I'm getting ready to test a live app using the t3 stack but basically I want my api routes to switch between localhost for dev and the actual url for live testing.
the env.mjs puts the NODE_ENV as a server variable and I'm not sure why that is the case
below is the code that I'm referring to
If I just make NODE_ENV public will I cause any problems?
11 Replies
It's a server variable because it's not prefixed?
Simple as that
yes, but is there a reason why it's made into a server variable? Right now I have a basic .env file but I'm trying to figure out if I have a env.development and env.production to separate out the url link to call an api route
I want to point the api route to localhost:3000 as the base url and thisismyurl.com for production
is that best done in a bifurcated env files? or just changing the NODE_ENV to be accessible from the client
this might have answered my question
https://nextjs.org/docs/pages/building-your-application/configuring/environment-variables
Configuring: Environment Variables
Learn to add and access environment variables in your Next.js application.
Is this what you need?
Not sure if this is the Client side, but if so I'm not sure that process.env.NODE_ENV will work but correct me if I'm wrong
sorry i just edited, just use process.env.NODE_ENV. it is provided out of the box by next
the problem with that example is that process.env.NODE_ENV can't be accessed from the client side because it's not prefixed with NEXT_PUBLIC
Next API routes are considered server-side code and therefore can access server-side environment variables. This can be verified by console.logging process.env.NODE_ENV in a NextJS API route.
The way I handle switching between the localhost url for dev and the production url for prod is to make a NEXT_PUBLIC_HOST_URL environment variable myself but this can also be handled conditionally using the NODE_ENV variable.
The only solution I found was making an .env.development and .env.production and setting the host url that way. Can you use conditional logic in a .env file that would check NODE_ENV first then set NEXT_PUBLIC_HOST? How will you call the api route without knowing the host url to even check the NODE_ENV for setting?
.env or .env.local would be how you set any environment variables in development. Have you tried a test deployment to your infrastructure of choice? I use DigitalOcean App Platform and they have a form for entering production environment variables before build, and I can imagine Vercel and others have something similar.
As for using NODE_ENV to determine the host URL, that can be handled conditionally not in an environment variable but in your backend code by something like const url = process.env.NODE_ENV === ‘production ? ‘Prod URL’ : ‘DEV URL’; conditionals don’t work in environment variables as .env is just a bash file that doesn’t recognize JS.

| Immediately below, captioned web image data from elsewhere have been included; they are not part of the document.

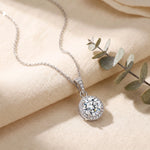 Load image into Gallery viewer, Round Halo Pendant Necklace lifestyle flat lay on linen with eucalyptus, rhodium plated finish
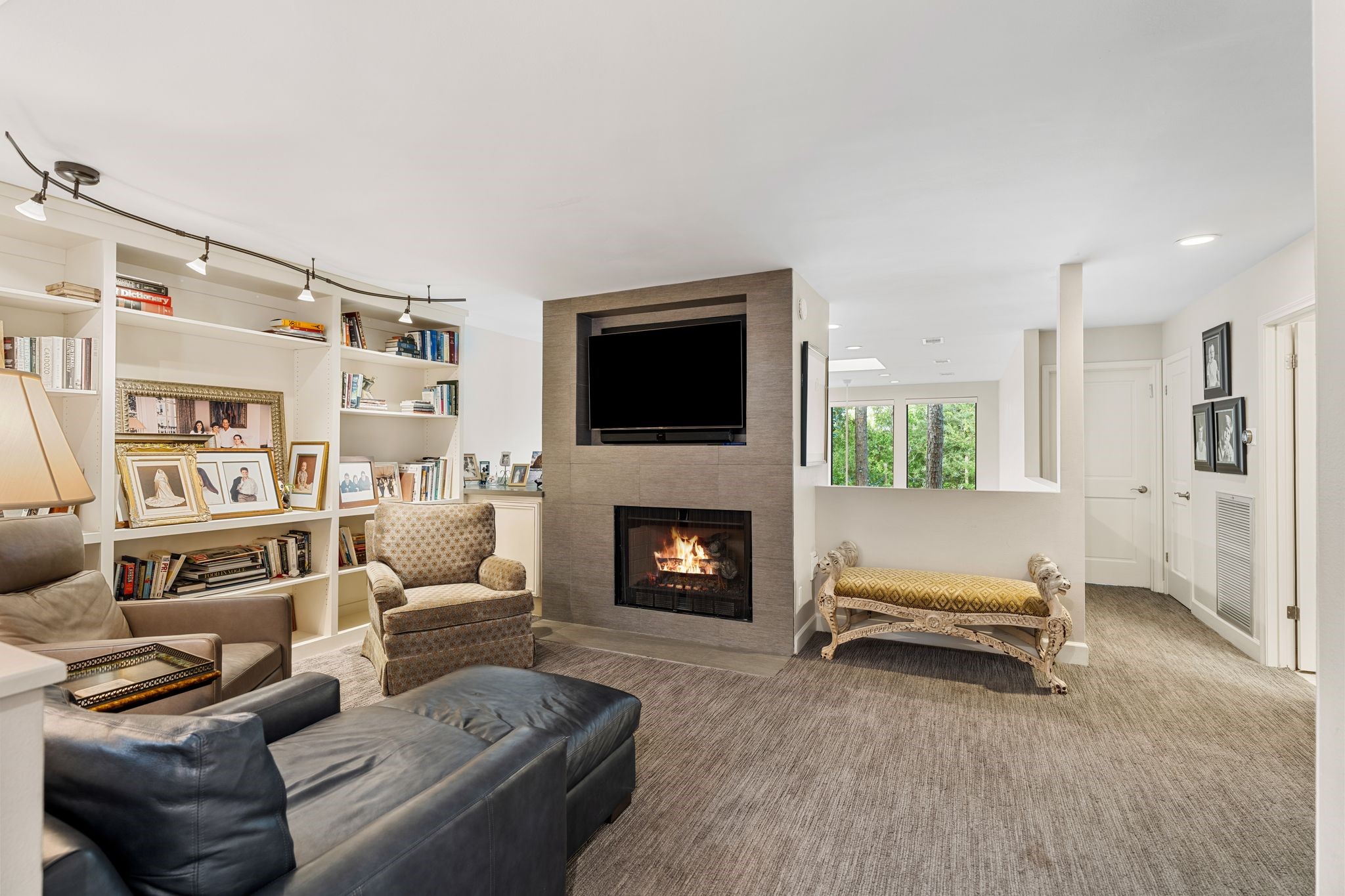 An upstairs den pairs a fireplace with a wall of built-in bookshelves, creating a comfortable retreat for reading, relaxing or movie nights.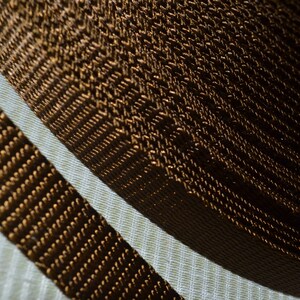May include: Close-up of a roll of brown woven webbing, with a parallel strip of the same material. The webbing has a textured, ribbed appearance, and the color is a warm, dark brown. The background is a light, textured fabric.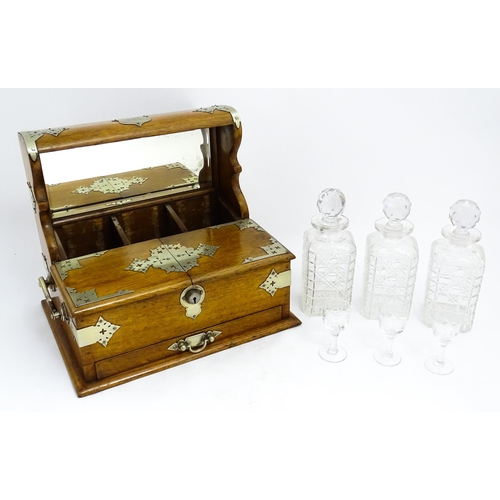 1532 - A Victorian oak tantalus / games compendium with silver plate mounts. With three glass decanters and... 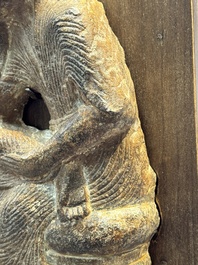 A Chinese sandstone 'Bai Ma Shi Zu 白馬舐足' carving, Northern Wei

But also if you are using Next API routes you don’t need a host URL, just call ‘/api/foo’ or whatever.
Hope this helps.
Hope this helps.
I'm using vercel and vercel has an option to specify stating which env variables to use whether it's for production, testing or development. I did not know that you did not need a host url to call a nextJS api route. I've been putting the entire url when calling a nextJS api route this whole time.